After several months of discussions, the Council agreed this morning on its general approach on the Banking Recovery and Resolution Directive, opening the way to negotiations with the European parliament, which had adopted its own position in May. The objective is to reach a final agreement by the end of the year. The directive, which aims to limit as much as possible the use of taxpayer money in rescuing failing banks, represents a key pillar of EU banking union.
Commenting on the compromise proposal, Philippe Lamberts, Greens/EFA MEP and group spokesperson on economic and monetary affairs, said:
"The absence in many EU countries of clear rules on bank recovery and resolution played a central role in the chaotic response to the financial crisis and a consistent, common EU rulebook is urgently needed. Given the devastating impact that rescuing failed banks has had on exchequers in a number of EU member states, the overriding goal should be to limit as much as possible taxpayers' exposure to future bank failures and ensure that public money is only used as a last resort.
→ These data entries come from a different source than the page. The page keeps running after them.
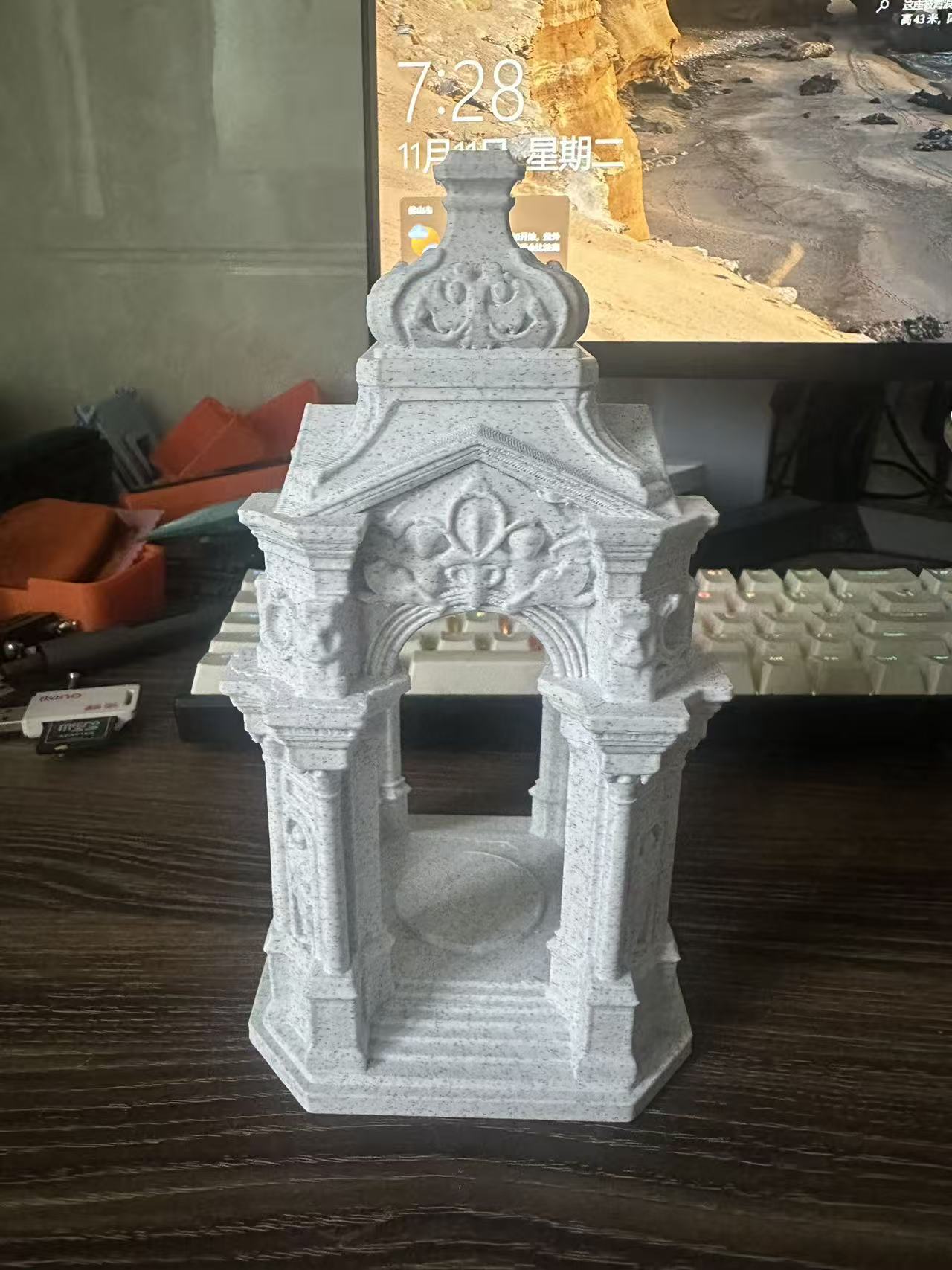 圣殿回廊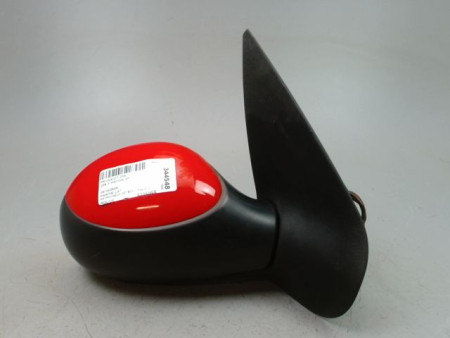 RETROVISEUR EXTERIEUR ELECTRIQUE DROIT PEUGEOT 206 + 2009-2013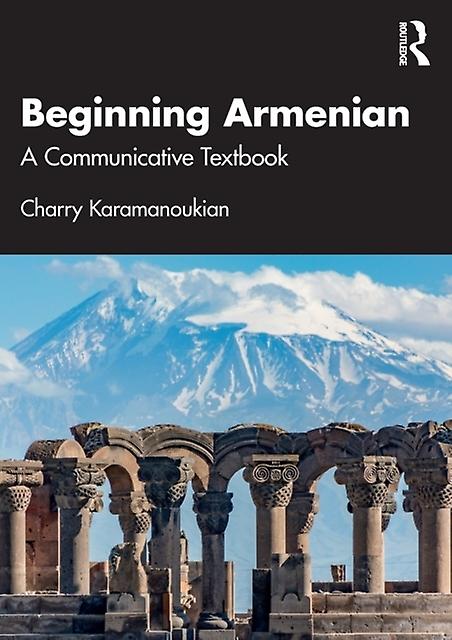 Beginning Armenian by Charry Karamanoukian Paperback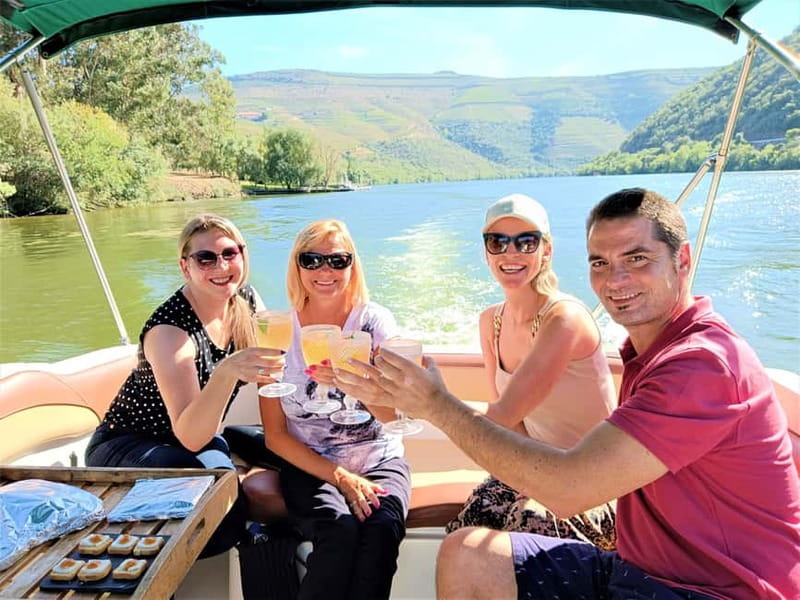 Douro Valley: Winery, Traditional Lunch & Private Boat Trip - Why this Douro day trip feels different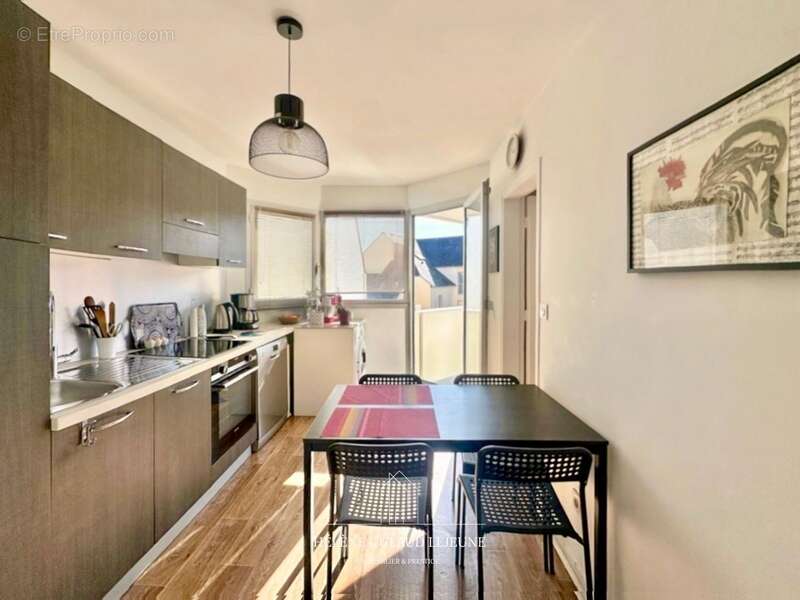 Appartement à VANNES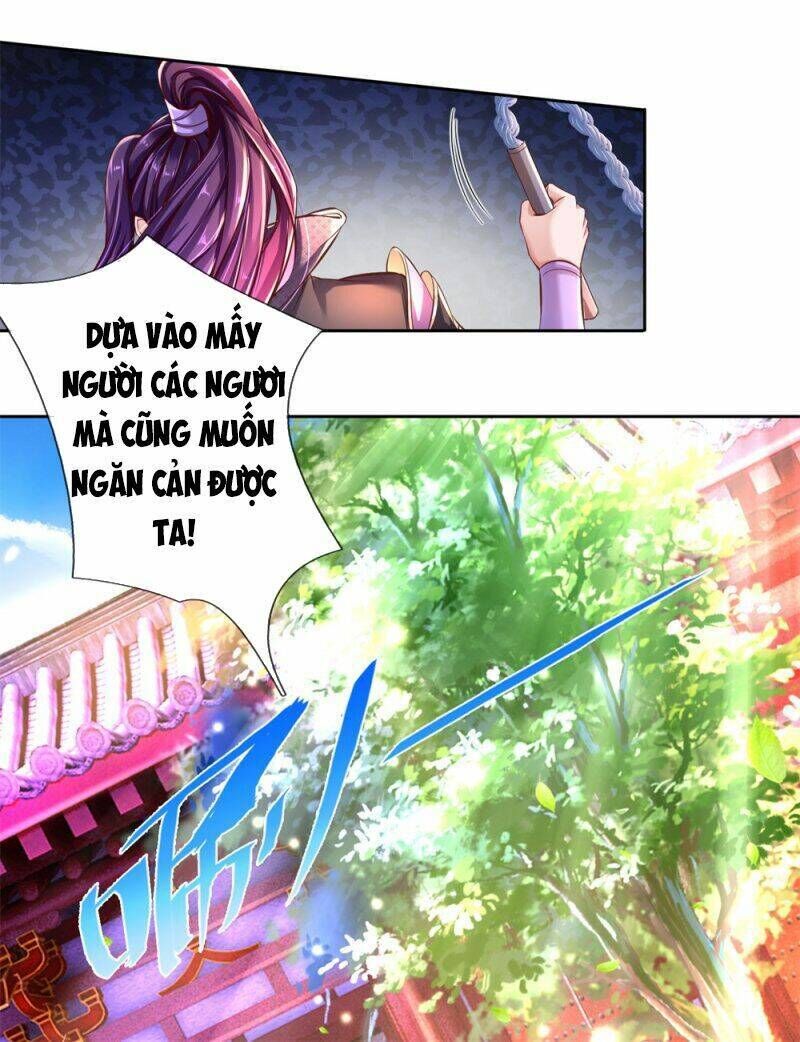 nghịch thiên kiếm thần Chapter 216 - Trang 2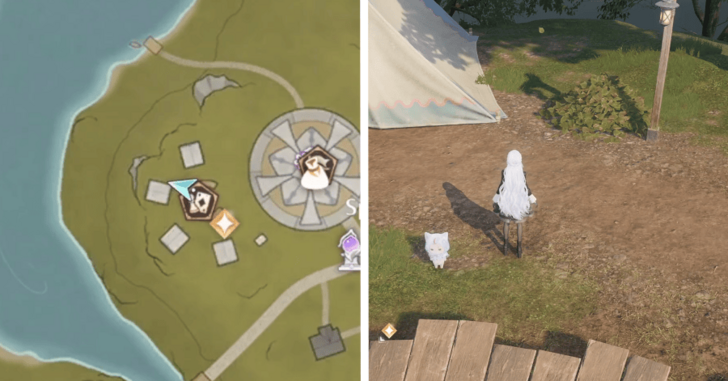 Dew of Firework - Firework Isles - 198-199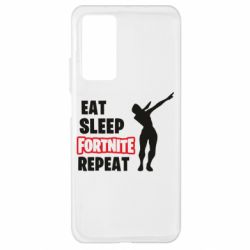 Чехол для Xiaomi Mi 10T/10T Pro Fortnite repeat dab - PrintSalon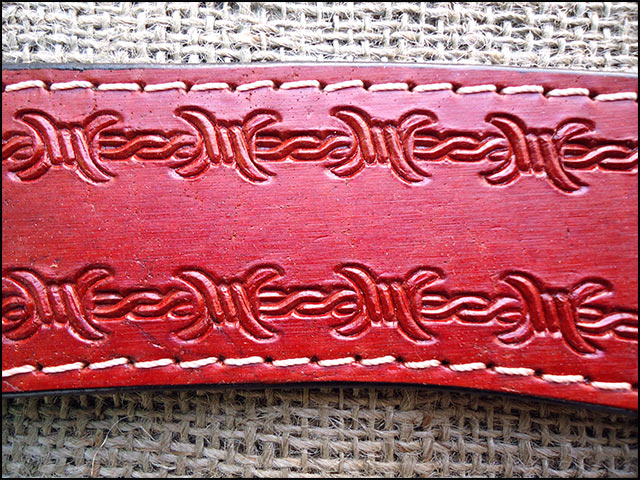 HILASON Western Horse Headstall Breast Collar Set Tack Genuine American Leather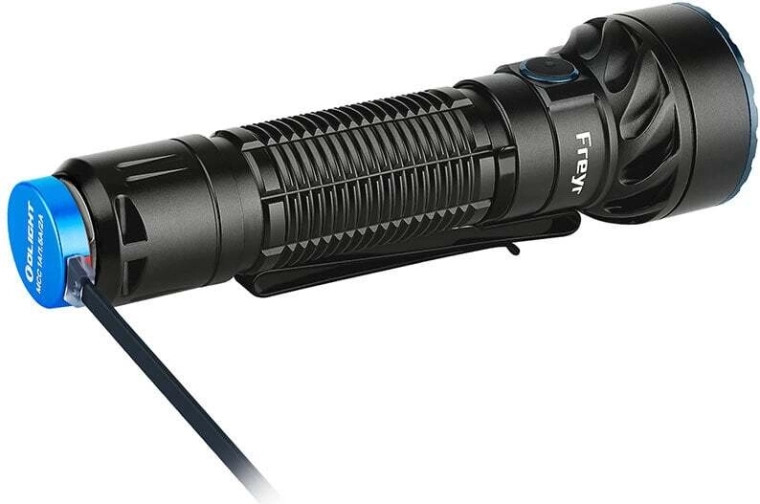 Dobbelt betjening og magnetisk opladning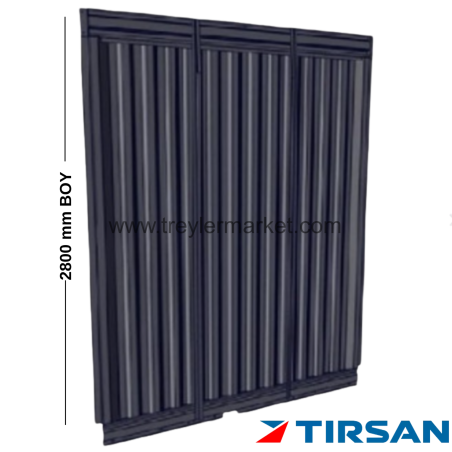 Tırsan Ön Panel EVDLB KILAVUZ 2800 - OP00166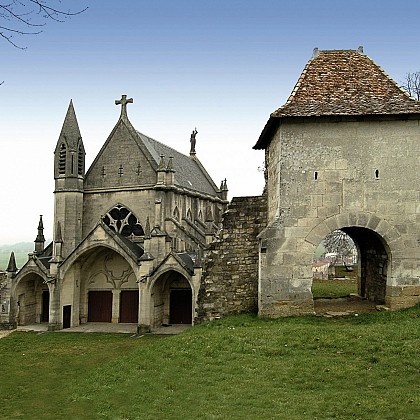 Balade à vélo - Au Pays de Jeanne d'Arc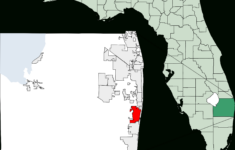 Datei:map Of Florida Highlighting Boynton Beach.svg – Wikipedia for Map of Boynton Beach Florida
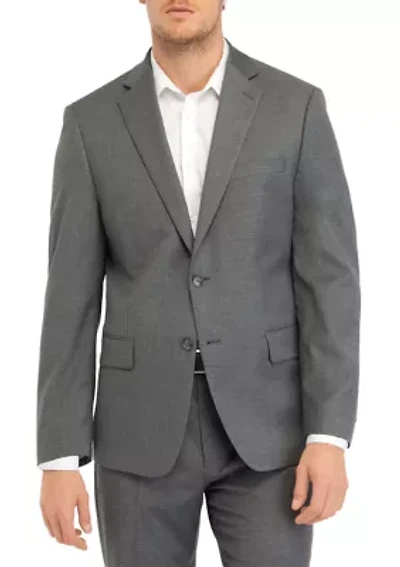 Men's Solid Sport Coat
It's therefore also urgent to preserve the integrity of the internal market through a common set of rules and standards.
To this end, the creation of an ambitious toolbox that will allow assessment of a bank's resolvability, elaboration of robust pre-agreed crisis plans and action to improve them where necessary, and followed by the power to bail-in shareholders and large creditors well ahead of depositors and taxpayers, should be the overarching priority. However, the agreement reached in the Council, the outcome of a complicated mix of narrow national interests, is worrying and will lead to difficult negotiations with the Parliament.
While the Council and the Parliament both agree on the need to fully protect insured deposits up to €100 000, the high level of discretion left to member states to bail-in other private creditors weakens the aim of creating a harmonised rulebook across the EU. It also represents a dangerous backtracking on the overall ambition of breaking the vicious circle between states and banks by limiting taxpayer contribution to a last resort measure.
The Greens will now assess the differences between the two positions with a view to negotiating proactively to preserve the elements in both texts that reinforce the original Commission proposal. The Greens aim to maintain the impetus for a genuine banking union, a crucial element for Europe to rise to the challenges it currently faces."